When it is plugged into an HDMI port, it turns a TV into a smart computer and enables users to control their TV using Cortana via Bluetooth remote or headset. Or alternative the small black box can be simply plugged into a power socket. The unit itself boasts an HDMI port for TV connections and two USB sockets.
“The new Compute plug from Quanta is a mini PC and power adapter in one that can be plugged into any outlet and connected to a TV to turn it into a smart computer that can be controlled using Cortana via a Bluetooth remote or headset,” said Microsoft in a blog posting on the new device.
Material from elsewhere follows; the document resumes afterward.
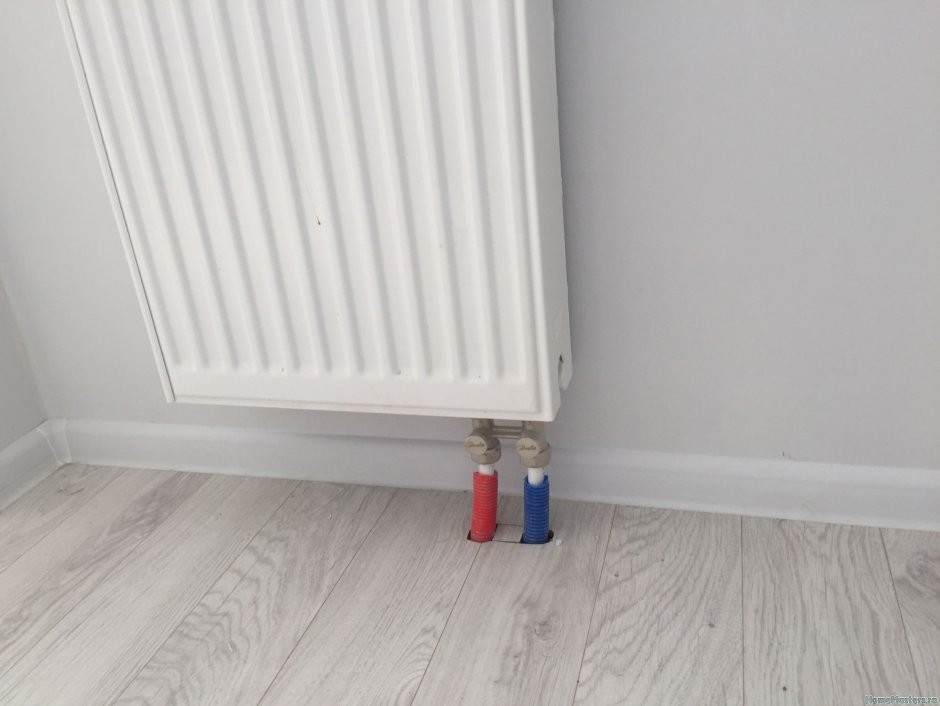 Трубы для батарей отопления в стене снизу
Redmond also revealed another small Windows 10 computer from Foxconn. The Kangaroo looks like a portable hard disk drive but like the Quanta Compute Plug, it also boasts the Windows 10 operating system. It has a battery capable of lasting six hours between charges.
Microsoft has experimented for a while now getting its operating systems onto cutdown and tiny computers. Last July for example, Redmond teamed up with Intel to produce the Shark’s Cove – a more upmarket Windows-based board that was prices at $326 (or £193). Intel meanwhile has also released its own Compute Stick.
Windows 10 is expected to be released to the world on 29 July and will be free of charge as an upgrade to those users currently running Windows 7, Windows 8.1 and Windows Phone 8.1.
The new operating system will deliver a major overhaul in terms of several functions, not least in the return of the familiar Start menu, which comes with a new customisable space for a user’s favourite apps and Live Tiles (from Windows Phone), where users can place their favourite apps, people and websites.
Redmond is also seeking to give users a more traditional Windows experience that incorporates both touch, keyboard, and mouse inputs. Other new features include a search option on the taskbar and Start menu; a new quadrant app layout; and a new task-view button on the taskbar.
Windows 10 also marked a break in naming tradition for Microsoft, as it skipped the expected ‘Windows 9’ name in a move widely seen at signifying a break with the past. However it has also been rumoured that the name change could be down to coding systems from Windows 95 and 98 still being in use.